Heute hat das Team Reinhard Schramme (unten links), Thomasz Dul (oben links), Bernd Goretzki  (oben rechts) und Sascha Costabel (unten rechts) einen grandiosen Erfolg im Verbund geflogen. Den ganzen Tag waren sie im Formationsflug, angeführt vom ehemaligen Europameister und mehrfachen Deutschen Meister Reinhard Schramme und konnten sich mit einer Durchschnittsgeschwindigkeit von 119 km/h an die Tagespitze fliegen. Sie haben sich dazu entschlossen als einer der ersten abzufliegen und können ihren ersten guten Aufwind bei Titisee finden. Mit 3 m/s steigen sie an die Wolkenbasis, die mit 2800m doch etwas höher als vermutet augefallen ist. Der Rest des Fluges lief problemlos. Ab dem Kirnbergsee haben sie ihren 70 km langen Endanflug begonnen und sind an der Kante zum Schwarzwald im Gleitflug nach Hause geflogen. Mit einem Lächeln im Gesicht haben sie ihre Flugzeuge geputzt und liebevoll gestreichelt. Generell berichten alle Piloten von einem unerwartet schönen Flugtag.

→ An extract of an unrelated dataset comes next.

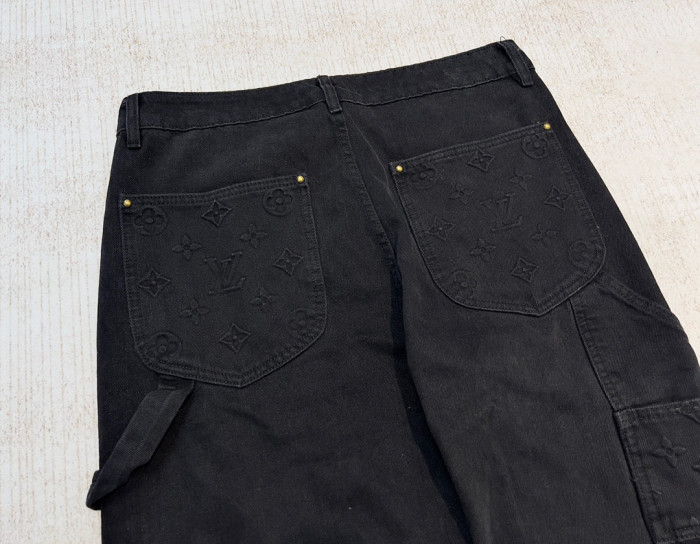 Louis Vuitton Denim Buckle Up Jacket And Pants Set #nigo22157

Außenlandungen sind keine Notlandungen

Das Ziel bei Streckenflügen ist es, an den Startflugplatz zurückzukehren bzw. einen Zielflugplatz zu erreichen. Allerdings kann es passieren, dass ein Pilot während dem Flug keine Thermik mehr findet und nicht ausreichend Flughöhe generieren kann. Dann heißt es entweder "Motor schmeißen" oder außenlanden. Ersteres bedeutet, dass der Pilot einen Motor aus dem Rumpf ausklappt, mit dessen Hilfe er zum Flugplatz zurückkehren kann. Solche Triebwerke werden oft auch als Heimkehrhilfe bezeichnet. Solche ausklappbaren Motoren sind weit verbreitet und tatsächlich haben alle Flugzeuge, die in der Süddeutschen Segelflugmeisterschaft der 18m-Klasse mitfliegen, einen solchen Motor. Fliegt ein Pilot mit einem Flugzeug ohne eingebauten Motor, kann er im Falle von unerwartet ausbleibendem Aufwind nicht an den Flugplatz zurückkehren. Dann muss er entweder auf einem anderen Flugplatz oder auf einer Wiese landen. Landungen außerhalb von Flugplätzen werden in solchen Fällen Außenlandungen genannt. Diese Landungen auf unbekanntem Gelände werden in der Ausbildung speziell geübt und haben nichts mit einer Notlandung zu tun. Für den Piloten heißt es dann nach der Landung warten, bis die Kollegen vom Flugplatz mit dem Anhänger kommen um ihn abzuholen. Gemeinsam wird das Flugzeug an Ort und Stelle abgebaut und im Anhänger verstaut. Pilot und Flugzeug werden zurück zum Flugplatz gefahren. Solche Außenlandungen bedeuten aber nicht zwangsläufig nur Unannehmlichkeiten für den Piloten und die Rückholer. Sie bedeuten auch Gemeinschaft mit Vereinskollegen und während den Autofahrten und dem Abbau des Flugzeugs zusammen Spaß zu haben. Zum Abschluss gibt es zum Dank meist eine Einladung seitens des Piloten zum geselligen Ausklang 😉

Vom Tellerwäscher zum Millionär..

Auch die Kleinsten im LSV helfen tatkräftig den Wettbewerb unvergesslich zu machen. Die Kinder haben einen Spülservice ins Leben gerufen, um die Piloten zu unterstützen. Sie holen das dreckige Geschirr mit einem Kettkar und Anhänger ab. Mit Hilfe einer Industriespühlmaschine und vielen fleißigen kleinen Händen geht es zack zack und das Geschirr ist wieder sauber. Als kleines Dankeschön sind Scheinchen willkommen, so können sich die Kinder am Ende des Wettbewerbes ein selbst verdientes großes Eis in unserer Fliegerklause bei Mario leisten.